White rhinos nearly went extinct last century but South African conservation efforts and private game farms have swelled their numbers in recent decades though poachers are again putting them in danger.

Hume regularly cuts his rhinos’ horns, which then grow back, and has built a large stockpile, some 500 kg of which he plans to auction after in April successfully challenging government rules banning their sale.

He last week took South Africa’s department of environmental affairs to court, as he had been issued with a permit which he said had not been handed to him.

“The court ordered they [the department of environmental affairs] should hand over the permit to us,” Hume’s lawyer Izak du Toit told Reuters, saying he would take collection of it on Monday.

South Africa is home to more than 80 percent of the world’s rhinos, whose population has been devastated by poaching for buyers in Vietnam and China, where it is coveted as an ingredient in traditional medicine.

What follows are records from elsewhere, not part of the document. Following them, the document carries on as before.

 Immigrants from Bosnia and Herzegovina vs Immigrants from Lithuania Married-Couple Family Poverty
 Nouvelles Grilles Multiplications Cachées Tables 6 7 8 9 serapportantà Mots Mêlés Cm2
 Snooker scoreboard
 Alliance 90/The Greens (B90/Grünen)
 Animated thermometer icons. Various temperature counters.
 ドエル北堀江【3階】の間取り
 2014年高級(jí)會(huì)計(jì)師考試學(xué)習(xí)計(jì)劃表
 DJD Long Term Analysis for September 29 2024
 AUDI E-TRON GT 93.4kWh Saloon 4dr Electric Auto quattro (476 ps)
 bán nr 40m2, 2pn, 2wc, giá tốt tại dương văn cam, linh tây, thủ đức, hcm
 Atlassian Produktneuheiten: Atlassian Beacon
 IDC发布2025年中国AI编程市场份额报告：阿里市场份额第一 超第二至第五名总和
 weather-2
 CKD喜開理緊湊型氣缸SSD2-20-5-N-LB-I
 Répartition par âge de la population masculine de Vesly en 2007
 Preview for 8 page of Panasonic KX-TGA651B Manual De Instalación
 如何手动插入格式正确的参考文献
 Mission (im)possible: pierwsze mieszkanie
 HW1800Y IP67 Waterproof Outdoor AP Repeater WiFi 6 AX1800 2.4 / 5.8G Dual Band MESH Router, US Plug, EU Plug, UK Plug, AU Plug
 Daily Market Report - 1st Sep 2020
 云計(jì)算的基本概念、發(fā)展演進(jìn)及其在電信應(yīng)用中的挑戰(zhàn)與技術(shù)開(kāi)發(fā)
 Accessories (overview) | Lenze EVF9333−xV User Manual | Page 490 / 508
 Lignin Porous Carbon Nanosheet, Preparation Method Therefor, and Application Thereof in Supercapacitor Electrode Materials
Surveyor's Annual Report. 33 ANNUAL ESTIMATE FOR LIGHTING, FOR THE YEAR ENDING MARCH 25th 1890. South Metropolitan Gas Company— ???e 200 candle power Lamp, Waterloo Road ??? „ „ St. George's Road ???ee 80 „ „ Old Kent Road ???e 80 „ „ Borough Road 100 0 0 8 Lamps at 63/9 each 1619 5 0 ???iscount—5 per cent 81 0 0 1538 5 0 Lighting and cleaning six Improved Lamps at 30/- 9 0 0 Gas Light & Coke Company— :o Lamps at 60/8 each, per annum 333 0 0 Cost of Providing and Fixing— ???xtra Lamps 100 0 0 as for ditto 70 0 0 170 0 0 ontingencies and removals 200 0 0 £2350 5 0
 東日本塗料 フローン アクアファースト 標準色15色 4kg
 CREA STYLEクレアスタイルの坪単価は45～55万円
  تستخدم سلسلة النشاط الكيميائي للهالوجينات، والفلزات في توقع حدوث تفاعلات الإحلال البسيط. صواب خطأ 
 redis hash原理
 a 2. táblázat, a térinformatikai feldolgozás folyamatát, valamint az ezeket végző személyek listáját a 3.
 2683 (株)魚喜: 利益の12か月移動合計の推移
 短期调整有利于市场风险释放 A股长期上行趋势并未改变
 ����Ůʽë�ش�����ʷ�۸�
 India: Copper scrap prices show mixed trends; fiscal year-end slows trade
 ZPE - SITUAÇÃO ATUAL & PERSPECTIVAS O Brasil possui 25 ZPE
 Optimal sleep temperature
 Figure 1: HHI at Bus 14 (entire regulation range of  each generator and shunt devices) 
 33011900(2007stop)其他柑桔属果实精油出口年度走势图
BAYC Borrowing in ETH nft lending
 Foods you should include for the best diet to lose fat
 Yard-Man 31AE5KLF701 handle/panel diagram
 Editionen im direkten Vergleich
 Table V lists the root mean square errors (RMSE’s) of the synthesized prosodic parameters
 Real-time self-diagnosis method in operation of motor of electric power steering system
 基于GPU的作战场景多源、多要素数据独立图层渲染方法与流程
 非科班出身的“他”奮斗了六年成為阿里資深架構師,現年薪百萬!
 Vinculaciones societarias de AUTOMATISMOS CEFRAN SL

Global trade in rhino horn is banned under a U.N. convention. That means any horn acquired legally in South Africa could not be exported, but conservationists have expressed concerns that domestic buyers could illicitly supply Asian markets.

Hume had said in papers to the high court seen by Reuters that the government was withholding already authorized permits for the sale of 264 horns in the Aug. 21-24 auction.

The number of poached rhinos in South Africa fell by 13 to 529 between January and June compared with 2016, a trend welcomed with “cautious optimism” by the government in July.

But numbers had surged from 83 in 2008 to a record 1,215 in 2014 to meet burgeoning demand in newly affluent countries such as Vietnam, where the horns are used as status symbols and believed to contain aphrodisiac properties.